Trained as a lawyer Patrick passed the Scottish bar as an advocate in 1722 served on a committee for the Faculty of Advocates.

In June 1727 he was elected a Senator of the College of Justice in place of the late Alexander Ogilvy, Lord Forglen. He adopted the name of Lord Monzie.

His most notable duty arose in 1728: being chosen by the Equivalent Company to oversee the distribution of £400,000 (£57 billion in 2023) to those (or their next of kin) who lost money in the disastrous Darien Scheme. This act was pivotal in the Union of 1707 which united Scotland and England. Linked strongly to this, was the creation in 1727 of the Royal Bank of Scotland of which his cousin, Daniel Campbell, was its first Secretary. Also as part of the deal for Patrick's services, he was given the large office building which had formerly belonged to the Company of Scotland who had run the Darien Scheme, this being on Mills Square (not to be confused with the still extant Mylne's Square) on the Royal Mile in Edinburgh.

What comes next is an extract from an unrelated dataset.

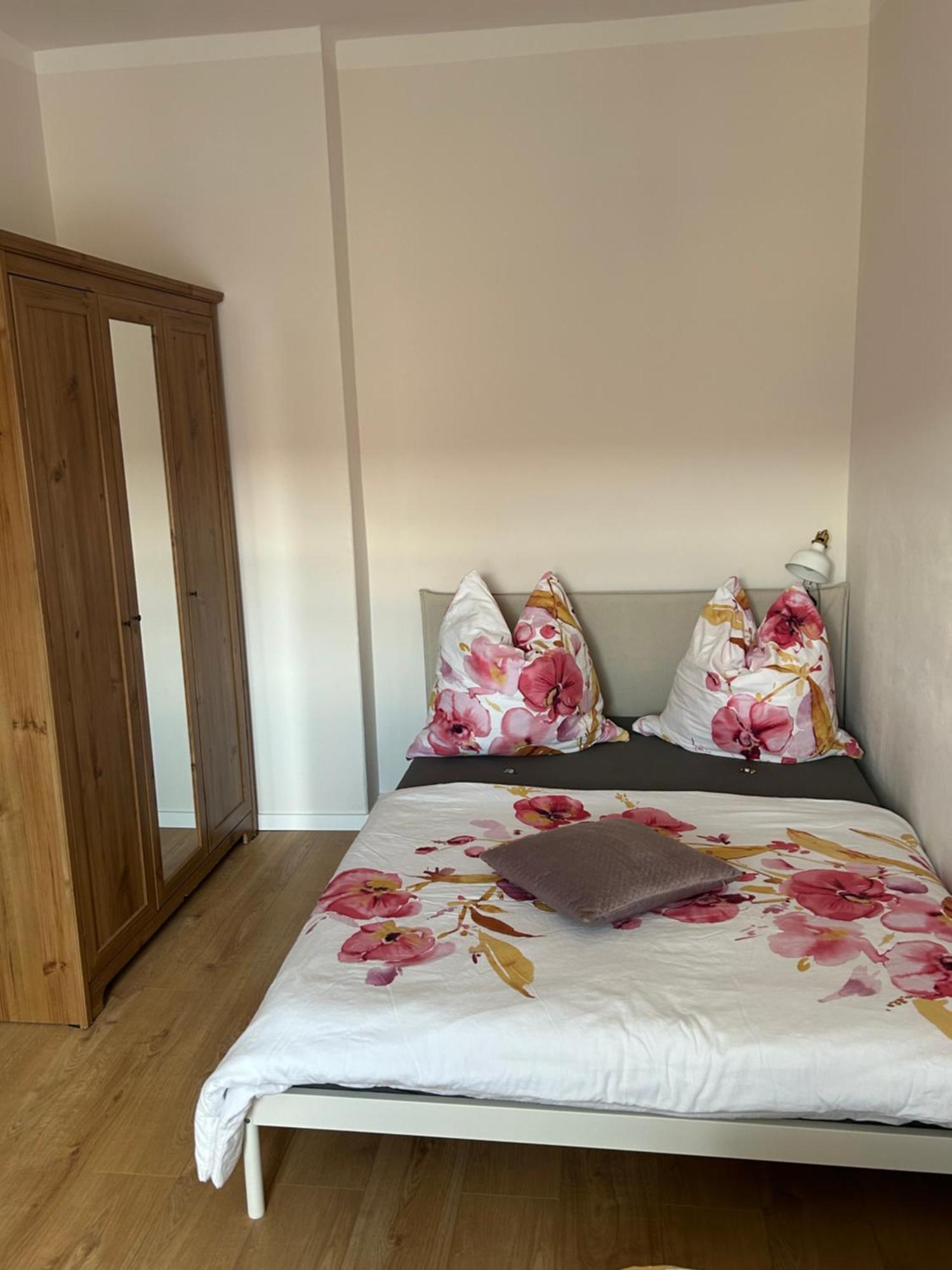 Schoene Neue 4 Zimmer Wohnung Mit Sued-Balkon Bis 8 Personen Naumburg (Saale) Exterior foto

He died on 1 August 1751 and his place as Senator was filled by Henry Home, Lord Kames.

Monzie Castle left the Campbell family in 1869.

==Family==

He married Catherine Erskine, daughter of Sir Charles Erskine, 1st Baronet, of Alva and sister of his legal colleague Charles Erskine, Lord Tinwald. Monzie Castle passed to his only son, also Patrick Campbell, on his death.